▶ [DATASET EXTRACT]
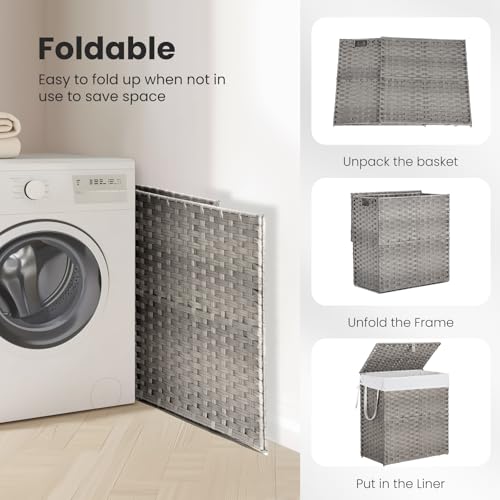 DUMOS Wicker Laundry Basket with Lid, 110L Woven Laundry Hamper with Handles, Foldable Rattan Clothes Hamper with Removable Liner & Sturdy Steel Frame, Dove Gray - color: Dove Gray, size: 110L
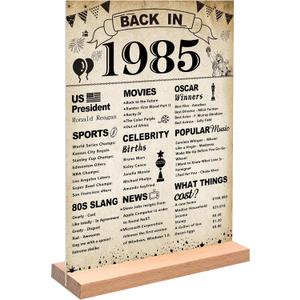 DARUNAXY 40th Birthday Party Decorations, Vintage Back in 1985 Poster Acrylic Sign with Stand 40 Year Old Party Supplies for Men& Women Vintage 1985 Table Decor 40th Anniversary Class Reunion Gifts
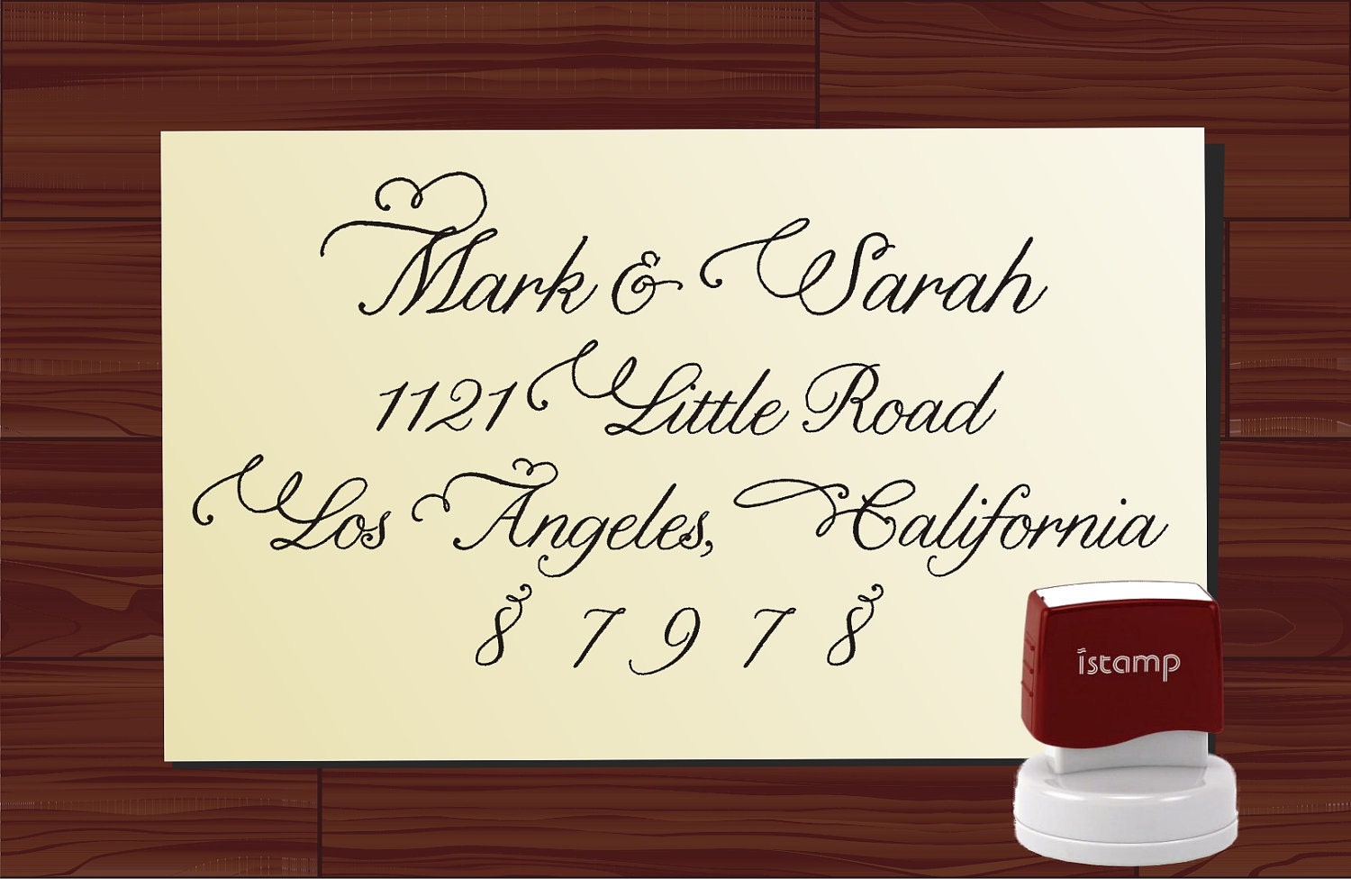 Handwriting Script Custom  Return Address Stamp  - SELF INKING Style 9016 - Personalized Wedding or Christmas Stamper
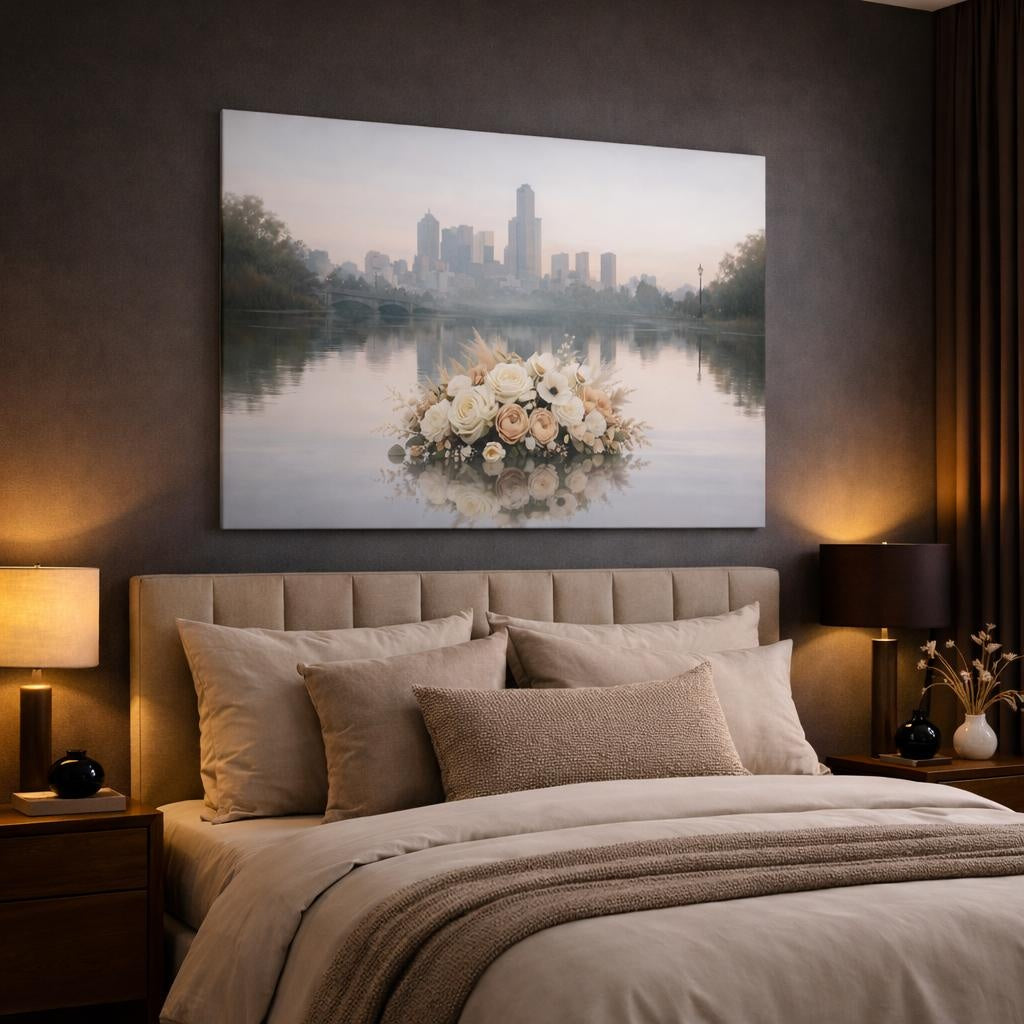 Floral Neutral City Reflection shown as canvas wall art in a luxury bedroom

▶ [TRY IT]
Give again exactly the lines from the one that contains "DARUNAXY 40th Birthday" through the end of the material, both ends included, omitting the pictures.

▶ [TASK RESULT]
 DARUNAXY 40th Birthday Party Decorations, Vintage Back in 1985 Poster Acrylic Sign with Stand 40 Year Old Party Supplies for Men& Women Vintage 1985 Table Decor 40th Anniversary Class Reunion Gifts
 Handwriting Script Custom  Return Address Stamp  - SELF INKING Style 9016 - Personalized Wedding or Christmas Stamper
 Floral Neutral City Reflection shown as canvas wall art in a luxury bedroom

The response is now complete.